Amyclae era una mitica citta', che secondo la tradizione era situata nella zona dei monti Aurunci e della piana di Fondi fondata da coloni greci, i Laconi.
Essi si fusero poi con gli abitanti locali, e il loro giovane re Camerte avrebbe combattuto contro Enea come alleato di Turno, venendo ucciso proprio dal capo troiano.
Nel decimo libro dell'Eneide Virgilio presenta Camerte come giovane e biondo figlio del rutulo Volcente, nonché potentissimo signore della città di Amyclae: Camerte è infatti, tra i vari sovrani italici menzionati nel poema, quello col regno dalla maggior estensione territoriale, il che giustificherebbe le dimensioni della città.
«Cras amet qui numquam amavit - quique amavit cras amet»
«Domani ama chi mai ha amato, e anche chi ha già amato, domani ama»
Virgilio riferisce che gli amyclani furono alleati di Roma nelle guerre puniche contribuendo solo con denaro e non con armati, e che C. Gaio Lucilio, (II secolo a.c.) poeta latino nativo di Suessa, l'odierna Sessa Aurunca, nelle Satire parla invece di Amyclae come di una città scomparsa nel II secolo a.c.
La leggenda narra che la città sarebbe stata abbandonata per un'invasione di serpenti, ovvero perché i suoi abitanti, legati ad una setta pitagorica votata al silenzio, si sarebbero rifiutati di dare l'allarme all'arrivo dei nemici e sarebbero quindi stati sterminati in un attacco. La città era scomparsa dal II secolo a.C.
Fin dal XVI secolo gli studiosi hanno cercato di individuare il regno di Camerte nella pianura presso la città di Fondi (prov. di Latina nel Lazio), nei suoi laghi o sommerso sotto di essi, arguendo che se fosse stata vera l'invasione di serpenti ad Amyclae, la ritenevano l'ambientazione geografica più adatta.
Gli studi più recenti fatti nella piana di Fondi sono quelli di Lorenzo Quilici e Stefania Quilici Gigli, i quali ritengono che l’antica Amyclae fondana fosse sul monte Pianara e non sulla costa. In seguito a minuziose ricerche in zona, hanno trovato e misurato mura che potrebbero essere quelle di un’antica città, apparentemente estesa per 33 ettari, e che potrebbe essere stata attiva tra il VI e IV secolo a. C.
Sulla cima del monte sono stati rinvenuti tratti di mura poligonali (dette anche ciclopiche)per circa 2,7 km e in alcuni tratti alte ancora fino a 4,5 m. Qui sono stati ritrovati e repertati frammenti di tegole, anfore, doli, stoviglie, e questi frammenti di vasellame recuperato hanno permesso di datarne la fattura (V-IV secolo a.c.) grazie al riscontro con altri reperti dalla forma simile caratterizzati in altre zone d’Italia.

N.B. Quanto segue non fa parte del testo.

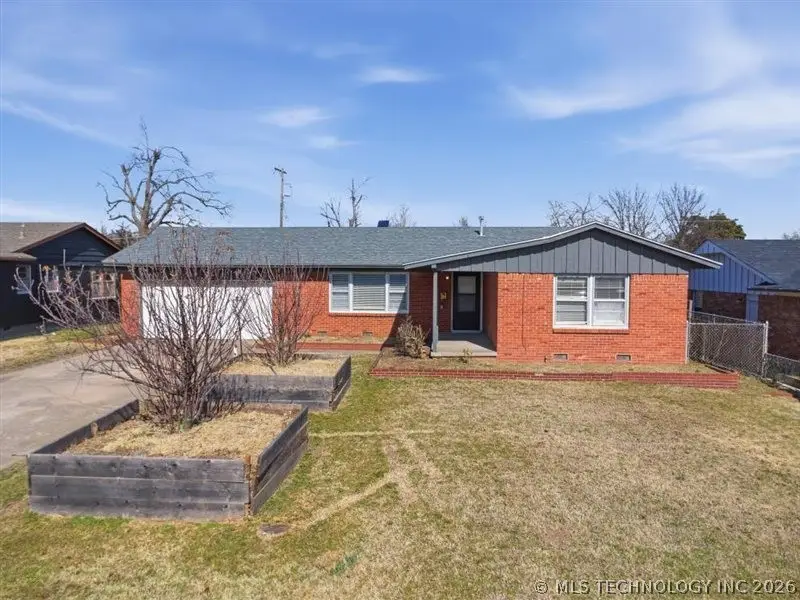 7521 E 27th Street S, Tulsa, OK 74129 - #1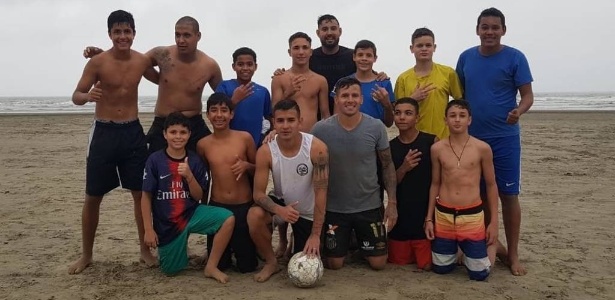 Derlis González, paraguaio do Santos, jogou bola com desconhecidos na praia - Reprodução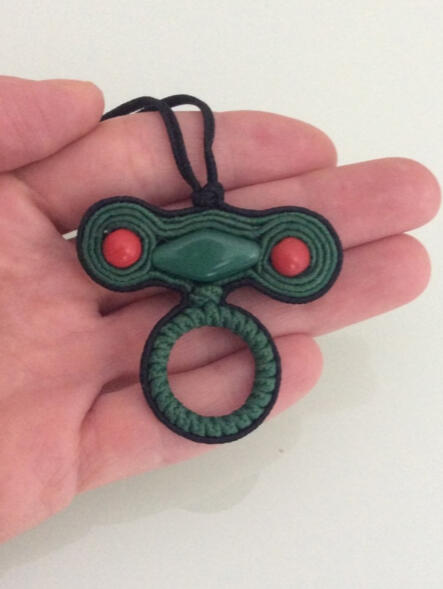 Frog holder or necklace Frog holder or necklace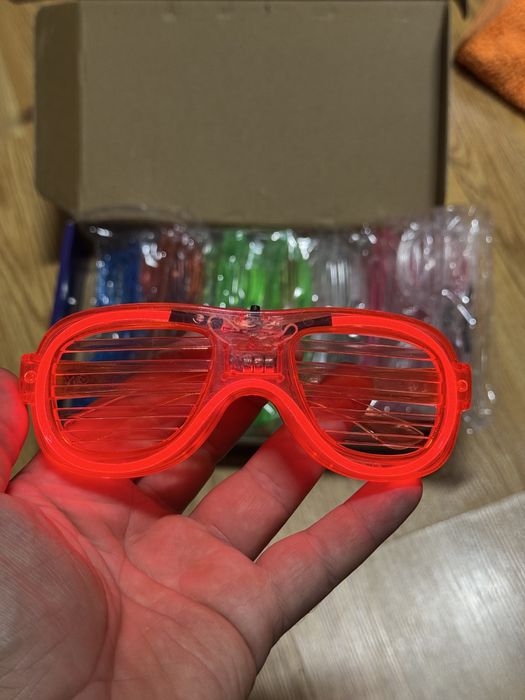 set de 12 perechi de ochelari luminoși pentru petreceri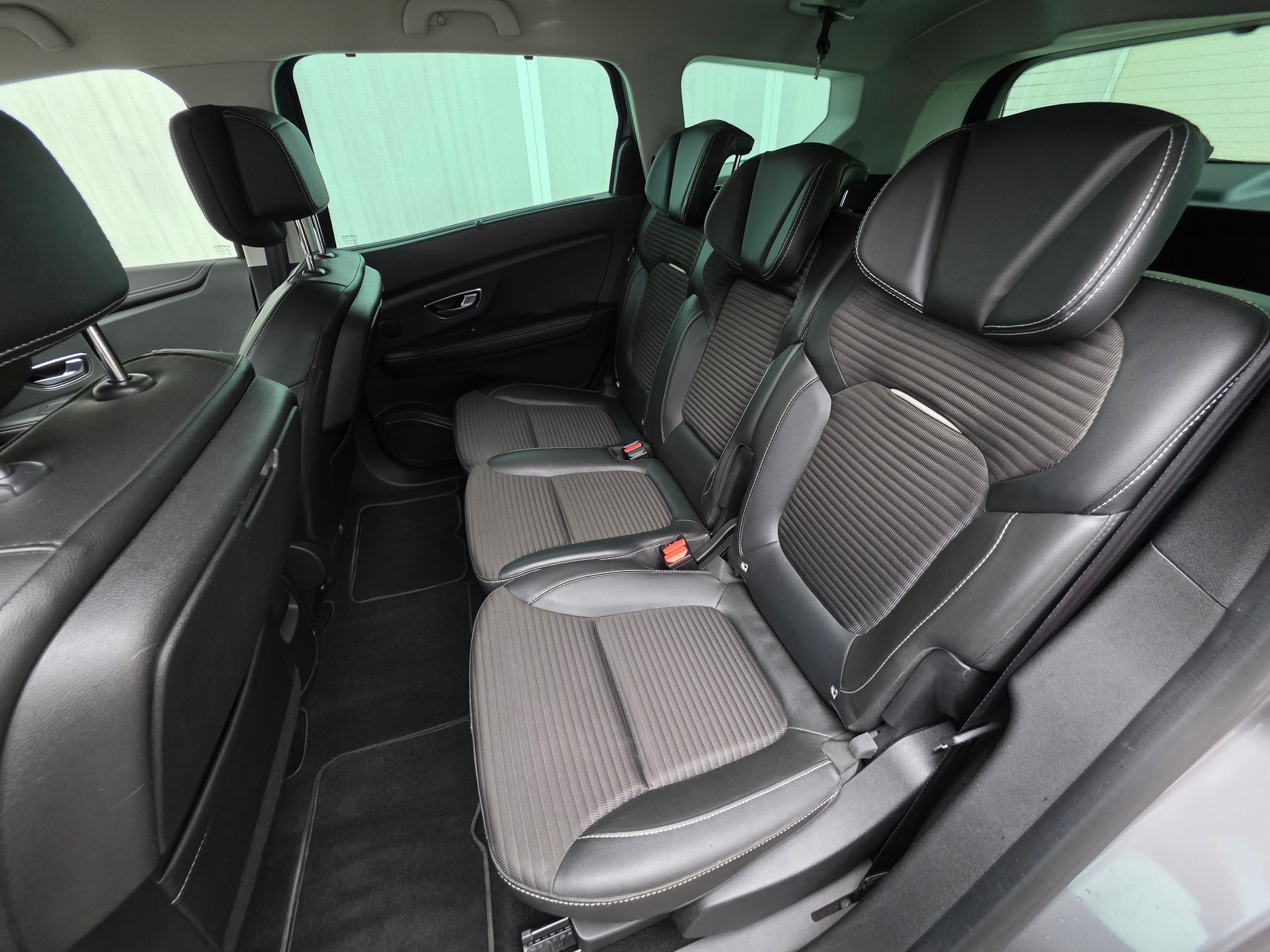 RENAULT Grand Scénic 1.2 16V Turbo Bose-image-6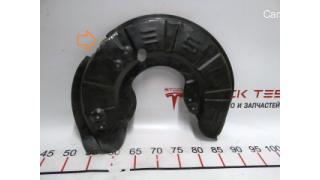 5 Thermal casing of the front right brake disc with damage Tesla model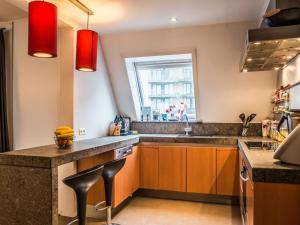 Spacious Seaside Apartment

Sembra poi che un violento terremoto si sia abbattuto sulla città si che un tratto della cinta muraria sarebbe sprofondato in una dolina carsica formatasi durante il sisma, mentre altri blocchi risulterebbero spostati rispetto all'origine dallo stesso evento.

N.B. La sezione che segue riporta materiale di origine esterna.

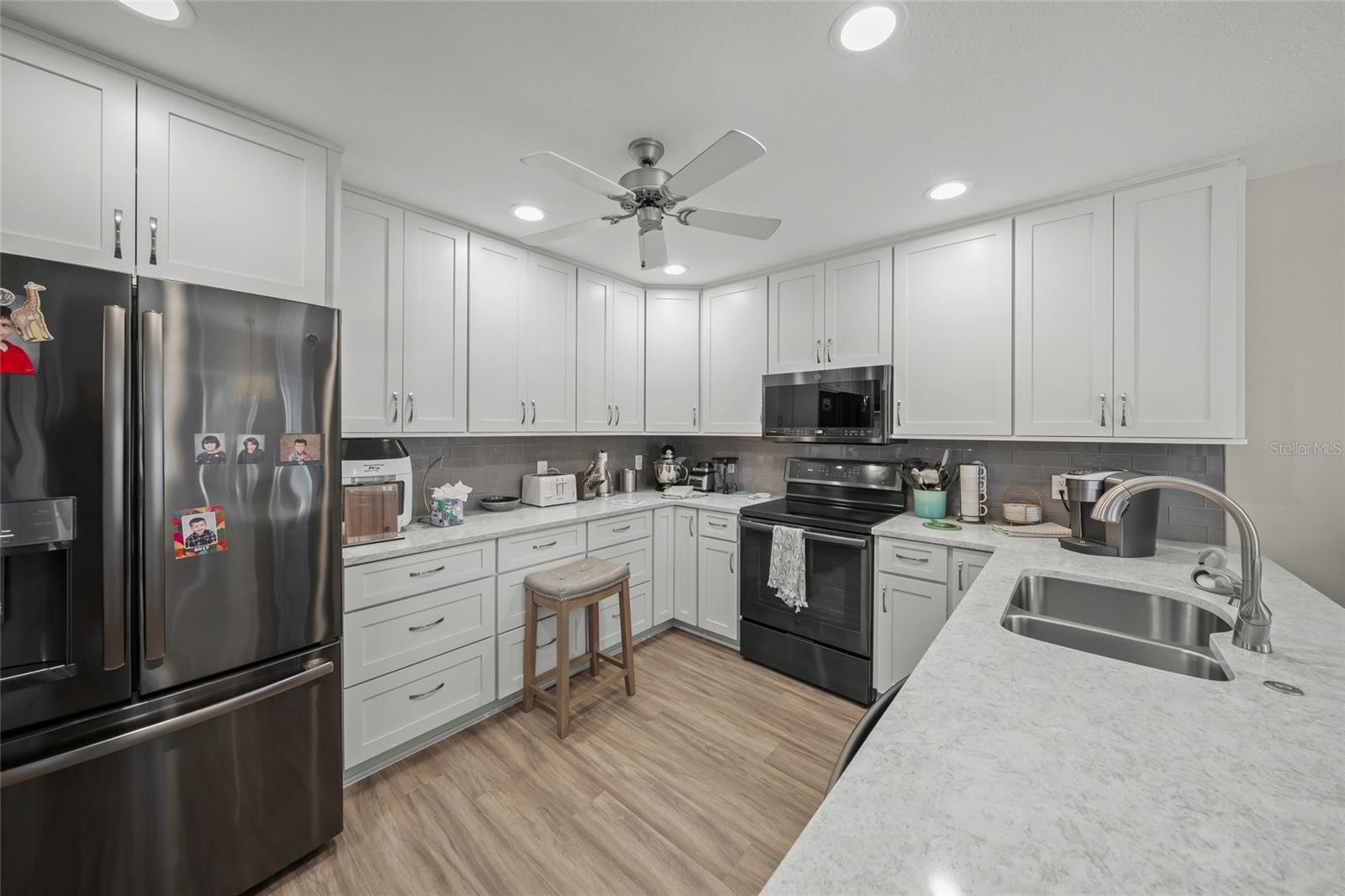 Image 16 of 49 For 5242 Old Ashwood Drive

Ma l’ipotesi Pianara non trova concordi gli studiosi. Alcuni ritengono la città trovata dai Quilici più piccola della mitica città ed dai rilievi sembra appartenere a popolazioni italiche locali, i Volsci ad esempio; inoltre, la tradizione antica parla di una città Amyclae fondata sulla costa e non sul monte. Porla su un monte significherebbe non tenere conto di quanto detto finora.Altri ancora sostengono che Amyclae potrebbe non essere mai esistita ed essere solo un’invenzione storiografica, cosa molto diffusa nella nostra penisola.
C’è però ancora un’ultima ipotesi, derivata da una frase di Pietro Arduino, botanico di Padova del XVIII secolo, in una nota a Plinio il Vecchio sui vini:.... "in litorale positae, hodie Sperlonga, unde sinui amyclano nomen".
La Sperlonga di oggi sarebbe dunque l' antica Amyclae, ma tutte le ricerche fatte nel borgo, che conserva la stupenda villa di Tiberio non danno indicazioni in questo senso, ci piace credere che l’affascinante leggenda di Amyclae abbia in essa la sua base storica che l’ha conservata, sebbene trasformata, fino ai nostri giorni.